A big donor's daughter wants to play the lead in the school play - but she doesn't deserve it.
NEW YORK (Money) -- QUESTION: I'm the drama teacher at a small private day school. The school relies heavily on the contributions of parents, and one of our wealthiest donors has a daughter who desperately wants to play Maria in the up-coming production of "West Side Story."
She's not the best candidate for the part, but she'll be heartbroken if she doesn't get it. And if she's heartbroken, I fear her father may cut back on his considerable generosity to the school. What should I do?
ANSWER: Begin by discussing the situation with the Principal. If casting Maria could have a serious impact on the school's finances, the head of the school should be involved in the decision.
Though even the richest, most prestigious universities in America have decided that their mission demands they allow fundraising to influence admissions decisions, that doesn't make giving preferential treatment to the children of wealthy parents right.
Of course we understand the argument for allowing financial considerations to occasionally take priority over treating all students equally, especially at small schools like yours. But we urge you to resist it and give the most deserving Maria the part.
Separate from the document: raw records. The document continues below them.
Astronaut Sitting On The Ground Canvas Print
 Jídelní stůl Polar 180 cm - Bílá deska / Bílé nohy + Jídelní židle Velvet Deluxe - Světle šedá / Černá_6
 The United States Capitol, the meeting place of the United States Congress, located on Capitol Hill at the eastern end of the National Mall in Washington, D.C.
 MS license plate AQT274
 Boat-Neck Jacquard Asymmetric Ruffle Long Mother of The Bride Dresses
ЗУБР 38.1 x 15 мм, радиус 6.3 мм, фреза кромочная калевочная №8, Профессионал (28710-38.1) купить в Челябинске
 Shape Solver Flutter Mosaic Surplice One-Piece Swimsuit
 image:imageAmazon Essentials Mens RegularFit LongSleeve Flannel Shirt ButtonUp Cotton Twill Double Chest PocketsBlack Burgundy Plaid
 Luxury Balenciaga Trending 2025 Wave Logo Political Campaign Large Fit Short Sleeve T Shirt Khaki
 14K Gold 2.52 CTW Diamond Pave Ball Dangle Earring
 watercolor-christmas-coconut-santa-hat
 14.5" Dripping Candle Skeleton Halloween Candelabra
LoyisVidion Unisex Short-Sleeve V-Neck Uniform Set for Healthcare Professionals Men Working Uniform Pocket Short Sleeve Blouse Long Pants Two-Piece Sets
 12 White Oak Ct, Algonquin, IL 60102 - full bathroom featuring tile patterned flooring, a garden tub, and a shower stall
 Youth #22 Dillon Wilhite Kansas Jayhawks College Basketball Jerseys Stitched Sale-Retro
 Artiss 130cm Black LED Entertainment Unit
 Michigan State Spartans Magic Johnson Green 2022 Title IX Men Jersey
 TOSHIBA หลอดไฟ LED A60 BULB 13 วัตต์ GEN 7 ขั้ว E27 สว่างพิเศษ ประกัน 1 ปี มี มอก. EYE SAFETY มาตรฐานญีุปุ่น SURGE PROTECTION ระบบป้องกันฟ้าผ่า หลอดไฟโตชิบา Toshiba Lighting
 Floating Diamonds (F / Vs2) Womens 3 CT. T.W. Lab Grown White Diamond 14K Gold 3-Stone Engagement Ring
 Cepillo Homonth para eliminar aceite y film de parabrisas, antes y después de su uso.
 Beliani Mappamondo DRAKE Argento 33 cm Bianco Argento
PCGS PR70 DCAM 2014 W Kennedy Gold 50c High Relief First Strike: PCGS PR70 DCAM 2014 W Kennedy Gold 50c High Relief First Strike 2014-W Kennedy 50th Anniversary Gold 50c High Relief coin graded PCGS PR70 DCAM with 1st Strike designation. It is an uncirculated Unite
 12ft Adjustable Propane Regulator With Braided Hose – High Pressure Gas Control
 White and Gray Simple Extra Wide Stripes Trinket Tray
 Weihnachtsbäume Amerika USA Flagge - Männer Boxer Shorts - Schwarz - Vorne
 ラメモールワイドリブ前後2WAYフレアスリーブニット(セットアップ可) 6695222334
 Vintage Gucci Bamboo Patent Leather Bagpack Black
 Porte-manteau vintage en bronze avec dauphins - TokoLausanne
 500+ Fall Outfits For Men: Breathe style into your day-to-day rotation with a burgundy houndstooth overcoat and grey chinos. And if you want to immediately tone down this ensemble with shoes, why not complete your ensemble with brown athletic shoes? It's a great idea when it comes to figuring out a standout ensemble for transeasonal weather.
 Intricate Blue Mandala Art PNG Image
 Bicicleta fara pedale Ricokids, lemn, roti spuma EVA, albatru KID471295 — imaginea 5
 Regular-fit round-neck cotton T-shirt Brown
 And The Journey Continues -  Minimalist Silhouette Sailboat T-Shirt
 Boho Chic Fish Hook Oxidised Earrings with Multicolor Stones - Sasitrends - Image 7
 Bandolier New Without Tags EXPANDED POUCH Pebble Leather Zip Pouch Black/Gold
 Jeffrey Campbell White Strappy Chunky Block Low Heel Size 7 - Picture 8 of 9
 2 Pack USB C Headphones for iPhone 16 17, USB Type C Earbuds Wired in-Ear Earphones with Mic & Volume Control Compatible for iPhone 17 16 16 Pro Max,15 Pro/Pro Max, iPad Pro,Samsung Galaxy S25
What are schools for if not to provide models of rectitude for the students they teach? And how can they do that if the students perceive that money buys the lead in the school play?
You can hope that the big donor understands this and won't be distressed if his daughter isn't given the lead. If he doesn't - and if he withdraws his support - remember: the school's reputation will only be enhanced if people learn it refused to give a fat cat's kid special treatment.